Having 20+ years of experience doesn’t excuse me or anyone else from reconsidering how one goes about their business. What matters most is what you bring to the table today, not yesterday.
You’re presenting at this year’s Big Design conference about playing to people’s strengths and investing in UX designers that aligns with servant leadership. Can you elaborate?
I’ve been experimenting with different approaches to managing others to better define what it means to be a servant leader in user experience. My journey has explored StrengthsFinder, goal mapping, individual brand statements and team norms. In my Big Design presentation, I’ll be showcasing these approaches as well as interviews I’ve done with other UX leaders on their approaches to managing others. I’m also suggest some activities to operationalize the basic tenants of servant leadership in the workplace.
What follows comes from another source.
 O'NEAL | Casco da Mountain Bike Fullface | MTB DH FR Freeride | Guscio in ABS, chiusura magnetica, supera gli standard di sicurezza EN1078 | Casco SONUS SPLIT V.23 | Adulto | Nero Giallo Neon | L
Overall, the most rewarding part my work has been investing in our individual designers and learning from their perspectives. I’ve always encouraged them to explore and integrate different subject matter into their work, and I enjoy learning from their individual interests and pursuits. In fact, I now know more about augmented reality, artificial intelligence, block chain, service design and connected intelligence than I ever have at any point of my career. I also have a stack of books and online articles to read every week. It’s been amazing.